You can download the pretrained model weights from here: https://github.com/wohlert/generative-query-network-pytorch/releases/tag/0.1.

In [35]:
import torch
import torch.nn as nn
    
# Load dataset
from shepardmetzler import ShepardMetzler
from torch.utils.data import DataLoader

dataset = ShepardMetzler("/data/shepard_metzler_5_parts/") ## <= Choose your data location
loader = DataLoader(dataset, batch_size=1, shuffle=True)
In [36]:
from gqn import GenerativeQueryNetwork, partition

# Load model parameters onto CPU
state_dict = torch.load("./model-checkpoint.pth", map_location="cpu") ## <= Choose your model location

# Initialise new model with the settings of the trained one
model_settings = dict(x_dim=3, v_dim=7, r_dim=256, h_dim=128, z_dim=64, L=8)
model = GenerativeQueryNetwork(**model_settings)

# Load trained parameters, un-dataparallel if needed
if True in ["module" in m for m in list(state_dict.keys())]:
    model = nn.DataParallel(model)
    model.load_state_dict(state_dict)
    model = model.module
else:
    model.load_state_dict(state_dict)
    
model
Out[36]:
GenerativeQueryNetwork(
  (generator): GeneratorNetwork(
    (inference_core): Conv2dLSTMCell(
      (forget): Conv2d(394, 128, kernel_size=(5, 5), stride=(1, 1), padding=(2, 2))
      (input): Conv2d(394, 128, kernel_size=(5, 5), stride=(1, 1), padding=(2, 2))
      (output): Conv2d(394, 128, kernel_size=(5, 5), stride=(1, 1), padding=(2, 2))
      (state): Conv2d(394, 128, kernel_size=(5, 5), stride=(1, 1), padding=(2, 2))
      (transform): Conv2d(128, 394, kernel_size=(5, 5), stride=(1, 1), padding=(2, 2))
    )
    (generator_core): Conv2dLSTMCell(
      (forget): Conv2d(327, 128, kernel_size=(5, 5), stride=(1, 1), padding=(2, 2))
      (input): Conv2d(327, 128, kernel_size=(5, 5), stride=(1, 1), padding=(2, 2))
      (output): Conv2d(327, 128, kernel_size=(5, 5), stride=(1, 1), padding=(2, 2))
      (state): Conv2d(327, 128, kernel_size=(5, 5), stride=(1, 1), padding=(2, 2))
      (transform): Conv2d(128, 327, kernel_size=(5, 5), stride=(1, 1), padding=(2, 2))
    )
    (posterior_density): Conv2d(128, 128, kernel_size=(5, 5), stride=(1, 1), padding=(2, 2))
    (prior_density): Conv2d(128, 128, kernel_size=(5, 5), stride=(1, 1), padding=(2, 2))
    (observation_density): Conv2d(128, 3, kernel_size=(1, 1), stride=(1, 1))
    (upsample): ConvTranspose2d(128, 128, kernel_size=(4, 4), stride=(4, 4), bias=False)
    (downsample): Conv2d(3, 3, kernel_size=(4, 4), stride=(4, 4), bias=False)
  )
  (representation): TowerRepresentation(
    (conv1): Conv2d(3, 256, kernel_size=(2, 2), stride=(2, 2))
    (conv2): Conv2d(256, 256, kernel_size=(2, 2), stride=(2, 2))
    (conv3): Conv2d(256, 128, kernel_size=(3, 3), stride=(1, 1), padding=(1, 1))
    (conv4): Conv2d(128, 256, kernel_size=(2, 2), stride=(2, 2))
    (conv5): Conv2d(263, 256, kernel_size=(3, 3), stride=(1, 1), padding=(1, 1))
    (conv6): Conv2d(263, 128, kernel_size=(3, 3), stride=(1, 1), padding=(1, 1))
    (conv7): Conv2d(128, 256, kernel_size=(3, 3), stride=(1, 1), padding=(1, 1))
    (conv8): Conv2d(256, 256, kernel_size=(1, 1), stride=(1, 1))
    (avgpool): AvgPool2d(kernel_size=16, stride=16, padding=0)
  )
)

We load a batch of a single image containing a single object seen from 15 different viewpoints.
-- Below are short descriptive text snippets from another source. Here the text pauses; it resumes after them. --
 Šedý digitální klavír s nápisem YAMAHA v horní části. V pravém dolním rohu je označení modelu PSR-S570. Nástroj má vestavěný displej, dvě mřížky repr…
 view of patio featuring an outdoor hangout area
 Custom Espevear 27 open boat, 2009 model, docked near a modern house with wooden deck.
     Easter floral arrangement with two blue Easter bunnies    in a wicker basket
We describe the whole set of image, viewpoint pairs by $\{x_i, v_i \}_{i=1}^{n}$. Whereafter we seperate this set into a context set $\{x_i, v_i \}_{i=1}^{m}$ of $m$ random elements and a query set $\{x^q, v^q \}$, which contains just a single element.

In [184]:
def deterministic_partition(images, viewpoints, indices):
    """
    Partition batch into context and query sets.
    :param images
    :param viewpoints
    :return: context images, context viewpoint, query image, query viewpoint
    """
    # Maximum number of context points to use
    _, b, m, *x_dims = images.shape
    _, b, m, *v_dims = viewpoints.shape

    # "Squeeze" the batch dimension
    images = images.view((-1, m, *x_dims))
    viewpoints = viewpoints.view((-1, m, *v_dims))
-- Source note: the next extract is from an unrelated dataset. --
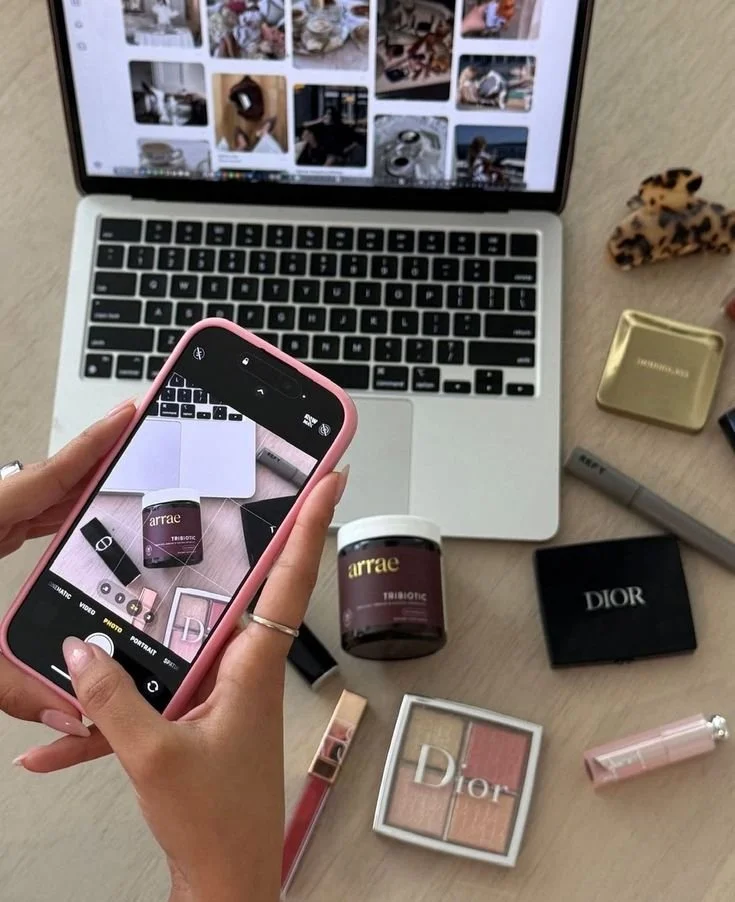 A person taking a photo of makeup products on a table with a smartphone. The table also has a MacBook displaying a gallery of images, a shell-shaped accessory, a gold case, a gray pen, and some other makeup items including a Dior palette and pink lipstick.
    # Partition into context and query sets
    context_idx, query_idx = indices[:-1], indices[-1]

    x, v = images[:, context_idx], viewpoints[:, context_idx]
    x_q, v_q = images[:, query_idx], viewpoints[:, query_idx]

    return x, v, x_q, v_q
In [186]:
import random

# Pick a scene to visualise
scene_id = 0

# Load data
x, v = next(iter(loader))
x_, v_ = x.squeeze(0), v.squeeze(0)

# Sample a set of views
n_context = 7 + 1
indices = random.sample([i for i in range(v_.size(1))], n_context)

# Seperate into context and query sets
x_c, v_c, x_q, v_q = deterministic_partition(x, v, indices)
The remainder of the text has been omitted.